Monday, November 26, 2007

Uganda and Kenya ready to finalize intellectual property protection statutes as East Africa struggles with counterfeiting crisis.

SOURCES:—“East Africa: Counterfeits Upset Regional Markets”—“East Africa: Region's Manufacturers Threatened By Counterfeit”

Counterfeit versions of both foreign and domestic products are appearing en masse in the marketplaces of East Africa. The counterfeits are given names similar to well-known or local brand names and often designed to resemble the same. Products affected cover a host of goods—from car tires to pharmaceuticals.

State officials claim that the counterfeit trade is costing national governments hundreds of millions of dollars in revenue year; they assert that these lost funds could be used for social programs to assist the poor.

Both Uganda and Kenya are in the final stages of drafting statutes to provide greater protections for intellectual property interests.
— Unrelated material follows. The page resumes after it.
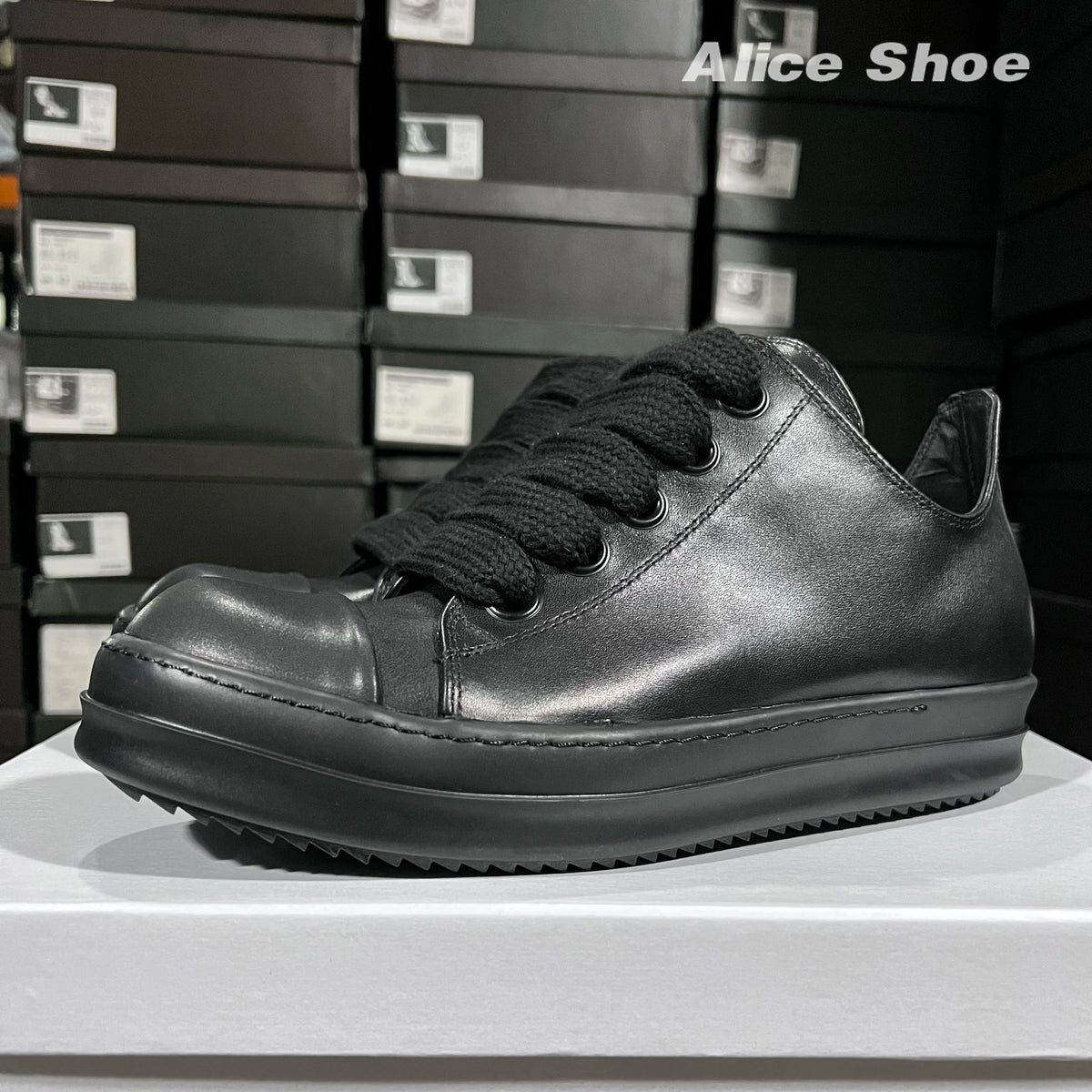 PENDRA Roman Black Leather Low-Top Jumbo-Lace Thick-Sole Platform Sneakers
Also, the East African Community (EAC) and Investment Climate for Africa (ICA) signed a memorandum of understanding (MOU) to step up efforts to control counterfeiting and piracy in the East Africa region earlier this month.

In addition to the loss of revenue, concern over the counterfeiting problem in East Africa has been voiced by the World Health Organization (WHO) because of counterfeit pharmaceuticals that threaten the safety of African consumers.

State officials in East Africa blame domestic businesses for the majority of the problem. They contend that the willingness of domestic business interests to import counterfeits has made the problem worse. They further fault domestic businesses for having failed thus far to cooperate with the government to stop counterfeiting.


Is the private sector responsible for cooperating with the government to stop counterfeiting?